Politics

Voters think Brexit is being badly mishandled—so why do they still support it?

New polling draws attention to a fundamental problem for Remainers

March 29, 2018
Brexit Secretary David Davis. Photo: Monasse Thierry/ANDBZ/ABACA/ABACA/PA Images
Brexit Secretary David Davis. Photo: Monasse Thierry/ANDBZ/ABACA/ABACA/PA Images


Brexit Secretary David Davis. Photo: Monasse Thierry/ANDBZ/ABACA/ABACA/PA Images

A year from the scheduled departure of Britain from the European Union, it’s obvious that the arguments adduced for Brexit were bogus and that Britain will struggle with the consequences of a policy that has no post-war precedent for irrationality. Even the historic humiliation of the Suez crisis in 1956 is dwarfed by Brexit. Anthony Eden’s dishonest venture cruelly exposed Britain’s diminished status and ruptured the relationship with its most powerful ally. Brexit sets this country at odds with all its allies simultaneously, harms the economy, and reopens the issue of divisions in Ireland 20 years after the conflict was sublimated in a negotiated agreement.

Polls show the public neither trusts nor respects the government’s handling of the issue. A new survey by Survation for the GMB shows that only 15 per cent of voters believe the government is handling Brexit well, while almost half believe it’s handling the process badly. A new Comres/Daily Express poll shows that 44 per cent believe the government’s handling of Brexit so far has been “a total shambles.”

Public opinion is right. The government has no plan for Brexit because Leave campaigners themselves had no plan for it. Theresa May is winging it. There was no vote to leave the single market or the customs union, yet the prime minister insisted on a maximalist vision of departure from Europe that will require reimposing a hard Irish border and will damage economic growth by constraining flows of goods, services, investment and labour. May’s very act of triggering Article 50 when she didn’t know what her European policy was, as well as her vainglorious decision to hold an unnecessary election, has brought British policymaking to a state of stasis that inspires pity and derision among our European partners.

Yet there is no obvious appetite to revisit the referendum vote. Around two-thirds of voters (in the Comres poll) believe the country should accept Brexit and “move on.” What’s the explanation, given that the government doesn’t command public support or respect in its handling of the process?
"44 per cent believe the government’s handling of Brexit so far has been 'a total shambles'"
The answer is probably twofold. First, though there have already been economic costs to the Brexit vote, the full extent of them will show up only after Britain has left. And just as voters in 2016 did not appear to really believe Brexit would damage their living standards, there’s polling evidence to suggest they still think Brexit will not have a significant long-run effect on the economy.

This is unlikely to be true. The long-term impact is where there is least dispute among economists on this issue.
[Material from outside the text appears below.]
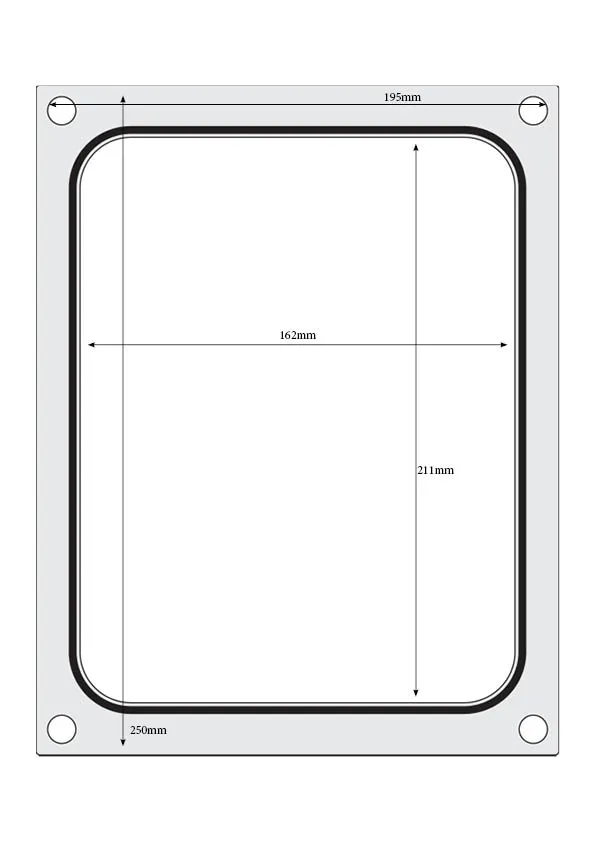 Tabuleiro para Seladora Térmica, 2 Compartimentos, 227x178 mm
It’s not a subject like debates over the euro 15 to 20 years ago, where expert opinion was divided: the microeconomic benefits of a single currency were balanced by the costs of ceding monetary sovereignty. This is an issue more like the Scottish independence debate, where the economic arguments point overwhelmingly one way while the campaigners on the other side talk about something else.
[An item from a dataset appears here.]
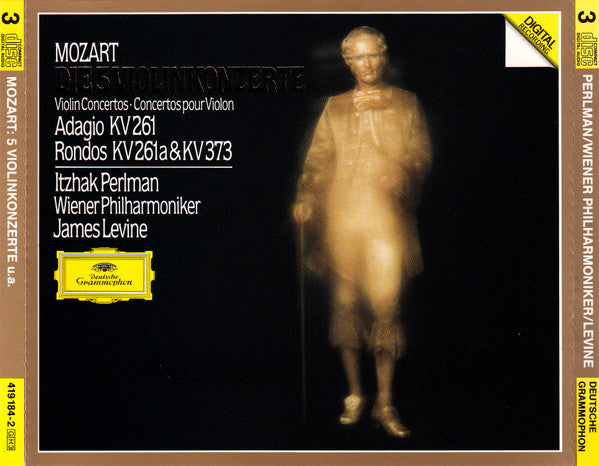 Wolfgang Amadeus Mozart, Itzhak Perlman, Wiener Philharmoniker, James Levine (2) : Die 5 Violinkonzerte = Violin Concertos = Concertos Pour Violon • Adagio KV 261 • Rondos KV 261a & KV 373 (3xCD, Comp)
Second, the enfeebled state of British politics makes a disastrous decision difficult to modify, let alone to arrest. Since her misjudged attempt to win her own electoral mandate, May has stumbled often but remains unchallenged within her own party. She’s shown undoubted leadership qualities in responding to the Salisbury poisoning and in assembling a coordinated diplomatic response to the Putin regime. And she is fortunate in having an opposition that has no plan for Brexit either and whose leader commands even less public and parliamentary respect than she does.
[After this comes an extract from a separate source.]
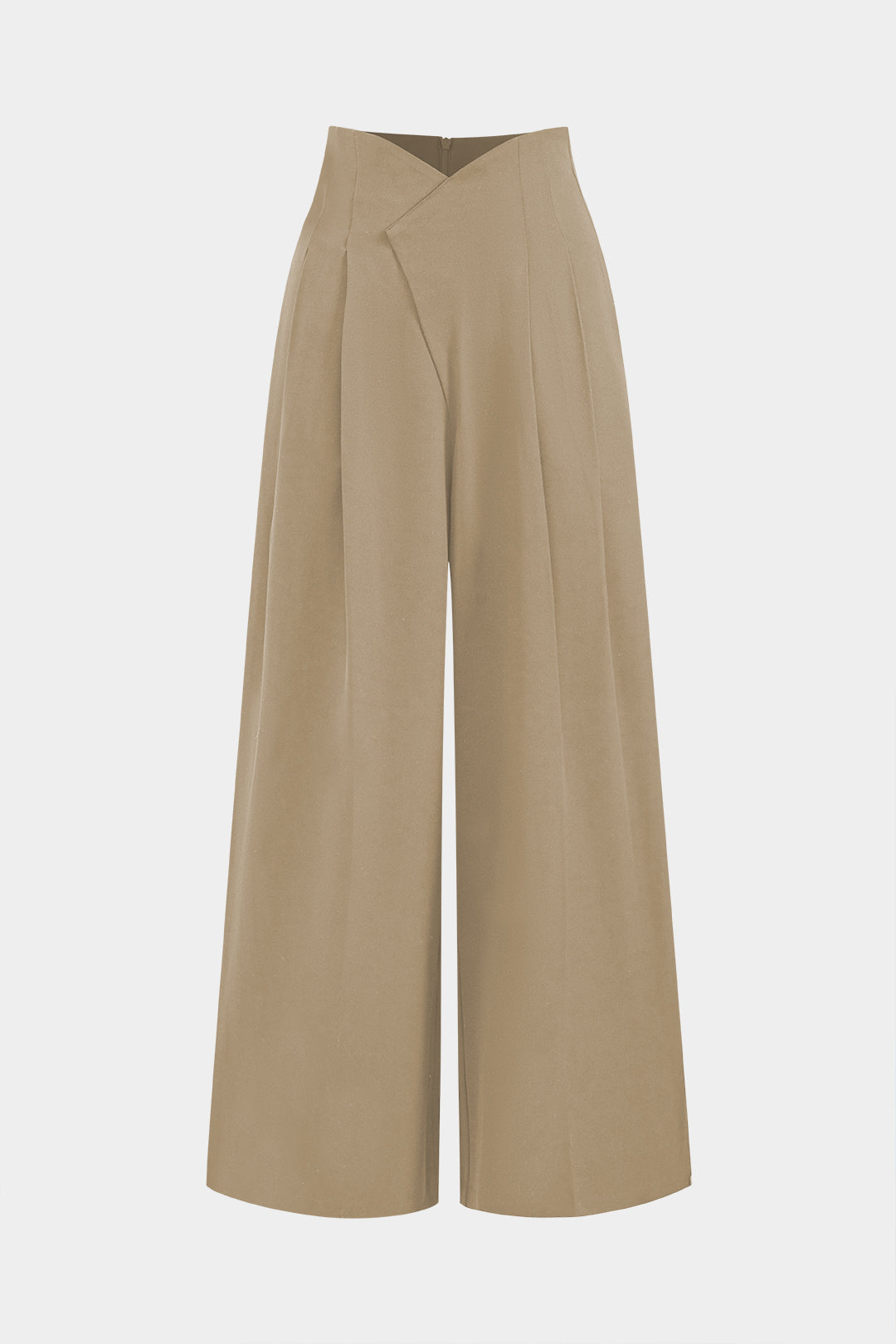 Pleated Asymmetrical Wide Leg Trousers in Twill Fabric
Jeremy Corbyn responded to the Brexit vote by calling for Article 50 to be triggered immediately, which would have weakened Britain’s negotiating stance even further. Labour’s approach to Brexit is no more coherent than the government’s, which is unsurprising as Corbyn largely agrees with it while having a nugatory grasp of policy detail. His confusion is evident in his continual calls for tariff-free access to the single market (as if tariffs were the main trade barrier between EU and non-EU states) and in his stubborn factual error in stating that leaving the EU requires leaving the single market (it doesn’t, as the position of Norway outside the EU but inside the single market demonstrates).

Add to this Corbyn’s fumbling of other issues, notably on Russian aggression and anti-Semitism within his party, and you get a predictable outcome. The Conservative Party is weak, insular and divided, and it can carry on pretty much as it likes while the main opposition party is conceptually incoherent and politically bankrupt. The people who will pay for this cross-party abdication of civic responsibility will be those now coming of age who will lose the automatic right to settle, study and live in the 27 other countries of the EU. It’s a crying shame, a scandal and a sell-out, but most of all it’s a betrayal by current generations of those who come after us.